上述したような、現在の日本経済の元凶が「円安」および歴史的な水準に及んでいる「円安の進行」にあるのかどうか。
これをまた別の視点で捉える上でも、過去の日本経済の経過において、円安から円高へと進行していた際の日本経済がどのような状況にあったのかを、幾つかの経済指標のデータから見ていきたいと思います。
以下は、直近で最も円高水準(70円台)となっていた2011年に対して、それ以前に現在に近い円安水準となっていた1998年(147円台)を基準とする2023年までの各年度のGDP、賃金、物価の推移をグラフにしたものです。

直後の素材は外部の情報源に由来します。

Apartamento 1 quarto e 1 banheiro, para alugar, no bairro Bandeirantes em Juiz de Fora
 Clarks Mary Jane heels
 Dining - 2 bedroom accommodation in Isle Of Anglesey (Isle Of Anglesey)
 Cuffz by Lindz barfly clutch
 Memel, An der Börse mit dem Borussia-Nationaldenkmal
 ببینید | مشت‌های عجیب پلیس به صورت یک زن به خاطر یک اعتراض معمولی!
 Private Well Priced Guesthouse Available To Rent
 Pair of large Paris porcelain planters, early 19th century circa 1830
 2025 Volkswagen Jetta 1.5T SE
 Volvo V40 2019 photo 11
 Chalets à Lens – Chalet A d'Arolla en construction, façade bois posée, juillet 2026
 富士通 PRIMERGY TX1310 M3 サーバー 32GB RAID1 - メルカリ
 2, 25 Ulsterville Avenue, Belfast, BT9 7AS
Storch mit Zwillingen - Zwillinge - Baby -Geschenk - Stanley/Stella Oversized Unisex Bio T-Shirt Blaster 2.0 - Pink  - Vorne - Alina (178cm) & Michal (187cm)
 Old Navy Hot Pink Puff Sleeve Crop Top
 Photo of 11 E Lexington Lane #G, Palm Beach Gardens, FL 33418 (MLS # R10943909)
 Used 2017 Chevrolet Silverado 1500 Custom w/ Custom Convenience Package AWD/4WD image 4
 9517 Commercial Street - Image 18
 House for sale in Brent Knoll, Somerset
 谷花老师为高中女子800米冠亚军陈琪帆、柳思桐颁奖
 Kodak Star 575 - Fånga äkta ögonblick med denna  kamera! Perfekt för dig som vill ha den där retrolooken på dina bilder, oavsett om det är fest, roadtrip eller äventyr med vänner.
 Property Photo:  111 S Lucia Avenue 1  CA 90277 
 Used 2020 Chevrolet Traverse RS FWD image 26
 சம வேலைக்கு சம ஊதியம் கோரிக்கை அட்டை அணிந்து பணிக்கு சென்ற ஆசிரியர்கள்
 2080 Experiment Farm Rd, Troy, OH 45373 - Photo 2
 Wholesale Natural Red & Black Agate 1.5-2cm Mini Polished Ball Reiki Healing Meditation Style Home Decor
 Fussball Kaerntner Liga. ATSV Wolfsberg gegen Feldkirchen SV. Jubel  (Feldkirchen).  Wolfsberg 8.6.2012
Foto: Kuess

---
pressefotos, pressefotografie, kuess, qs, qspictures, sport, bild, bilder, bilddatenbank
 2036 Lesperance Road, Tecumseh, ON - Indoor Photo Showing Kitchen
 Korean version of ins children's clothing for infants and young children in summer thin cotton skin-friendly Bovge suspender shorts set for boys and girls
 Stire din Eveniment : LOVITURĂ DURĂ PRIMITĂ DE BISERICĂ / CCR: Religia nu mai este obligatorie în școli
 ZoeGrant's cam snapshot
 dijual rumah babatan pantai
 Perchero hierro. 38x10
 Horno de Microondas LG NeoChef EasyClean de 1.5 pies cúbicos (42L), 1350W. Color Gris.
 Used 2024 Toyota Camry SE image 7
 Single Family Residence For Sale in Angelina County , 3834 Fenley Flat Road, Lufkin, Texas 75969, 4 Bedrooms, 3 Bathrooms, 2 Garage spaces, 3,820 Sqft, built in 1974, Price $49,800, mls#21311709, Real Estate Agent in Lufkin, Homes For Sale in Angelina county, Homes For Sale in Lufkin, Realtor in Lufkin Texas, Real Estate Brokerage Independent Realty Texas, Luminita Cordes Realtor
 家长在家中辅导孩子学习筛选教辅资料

1998年から2012年まではドル円の年間平均レートが円高へと進行していた円安→円高経済(以下、円高経済と表記)。
対して、2012年から2023年までを円安の進行に伴う円高→円安経済(以下、円安経済と表記)として、その境界線を引いてみました。
1998年から2012年までの『円高経済』では、ドル円の年間平均レートが110~120円台を推移していた2007年までは、GDPの方は緩やかに増加(成長)していたものの、2008年以降、為替レートが100円台を下回るようになって以降、マイナス成長が顕著になっています。
この間の「賃金」の方は、1998年以降、円高への進行と共に下がり続け、円高への進行と共に「物価」の方も下がってはいましたが、それ以上に賃金(実質賃金)の方が大きく下降していた模様です。
円高の進行に伴うGDPのマイナス成長と物価安を上回る賃金の下落。
その後、GDPが1998年のGDP水準まで戻るのは2012年以降であり、その後、円安から円高への『円安経済』となって以降のGDPは、常に1998年のGDP水準を上回っています。
対して、2012年以降の『円安経済』における賃金は、名目賃金の方は上昇しているものの、それを上回る形で物価高が伴っているため、実質賃金は、ほぼ横ばいに近い形で推移し、現在も1998年の賃金水準まで戻っていません。
その上で「円安の進行」に伴う経済成長(GDP増)の恩恵は、ほぼ全て「企業利益」として、その経営者や株主・資本家階級に還元され、その中で賃金労働者は、賃金が物価の高騰に追いつかず困窮化が進んでいるという点はすでにお伝えしたかと思います。
ですが、このデータから言える事として、現在も進行している「円安」が仮に大きく「円高」の方向へと移り変わったとしても『賃金労働者層の困窮化は改善されない可能性が高い』という点です。
少なくとも、直近の日本経済において、円安(140円台)から円高(70円台)へとドル円の為替レートが進行していた1998年から2012年にかけては、物価安以上の「賃金の低下」が生じていたことは間違いありません。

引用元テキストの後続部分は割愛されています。